Doch solche Manöver sind riskant. Sie könnten genau das Gegenteil dessen bewirken, was die etablierten Parteien erreichen wollen. Wenn der Wähler – oder in diesem Fall der gewählte Stadtrat – den Eindruck gewinnt, dass Wahlen zur Farce werden, sobald die AfD gewinnt, könnte das die Politikverdrossenheit weiter anheizen und die Sympathiewerte der Alternative für Deutschland eher noch steigern. Wer demokratische Spielregeln ändert, weil er das Spiel verliert, begibt sich auf sehr dünnes Eis.
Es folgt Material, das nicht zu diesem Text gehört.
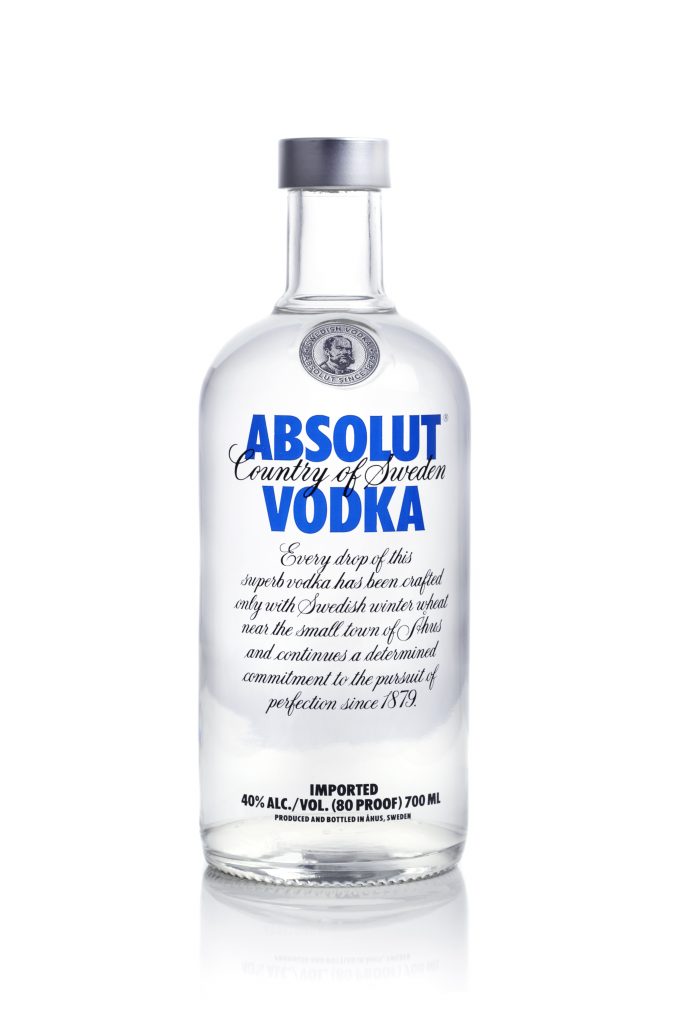 Nesta imagem podemos ver o rótulo da vodka Absolut.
Die Realität in den Kommunen
Der Fall Gelsenkirchen wirft ein Schlaglicht auf eine Realität, die in den großen Talkshows der Republik oft ausgeblendet wird: Auf kommunaler Ebene bröckelt die strikte Ausgrenzung der AfD. Es gibt mittlerweile zahlreiche Beispiele – von Großschirma bis hin zu diversen Gemeinderäten –, in denen AfD-Politiker oder von der AfD unterstützte parteilose Kandidaten in Ämter gewählt werden, oft mit deutlichen Mehrheiten.
In den allermeisten Fällen ist danach nicht das Abendland untergegangen. Die “Hütte brennt” nicht, wie es oft prophezeit wird. Die gewählten Vertreter machen ihre Arbeit, kümmern sich um lokale Belange, um Straßenbau, Kitas oder den Haushalt. Die Dämonisierung, die auf Bundesebene betrieben wird, stößt in der pragmatischen Welt der Kommunalpolitik an ihre Grenzen. Wenn ein Kandidat vor Ort als kompetent oder zumindest als die bessere Alternative wahrgenommen wird, dann wählen ihn die Menschen – oder eben auch die Kollegen im Stadtrat.
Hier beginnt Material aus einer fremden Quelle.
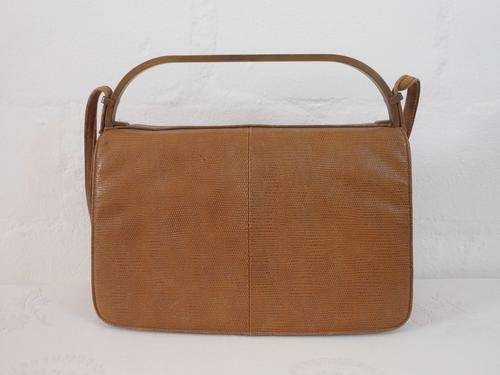VINTAGE STUTTAFORDS LIZARD PRINT GENUINE LEATHER BROWN TAN SHOULDER BAG HANDBAG PURSE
Fazit: Ein Weckruf für die Demokratie
Was bleibt von diesem Abend in Gelsenkirchen? Es bleibt die Erkenntnis, dass sich politische Mehrheiten nicht dauerhaft durch moralischen Druck oder Hinterzimmer-Absprachen konservieren lassen. Die drei Stimmen für Norbert Emmerich waren ein Signal. Ob es ein Signal des Protests, der Überzeugung oder einfach nur der Frustration über die eigenen Parteiführungen war, wissen nur die drei Wähler selbst.
Die etablierten Parteien stehen nun vor der Wahl: Reagieren sie mit noch mehr Ausgrenzung, mit Abwahlverfahren und der Beschimpfung der eigenen Leute? Oder stellen sie sich der inhaltlichen Auseinandersetzung und akzeptieren, dass Demokratie auch bedeutet, unbequeme Ergebnisse auszuhalten? Die nächsten Wochen in Gelsenkirchen werden zeigen, wie belastbar das demokratische Verständnis der Akteure wirklich ist. Eines ist jedoch sicher: Mit der bloßen Beschwörung von “Brandmauern” lässt sich der politische Wandel im Land nicht mehr aufhalten. Der Geist ist aus der Flasche, und er lässt sich nicht durch Empörung zurückzwingen.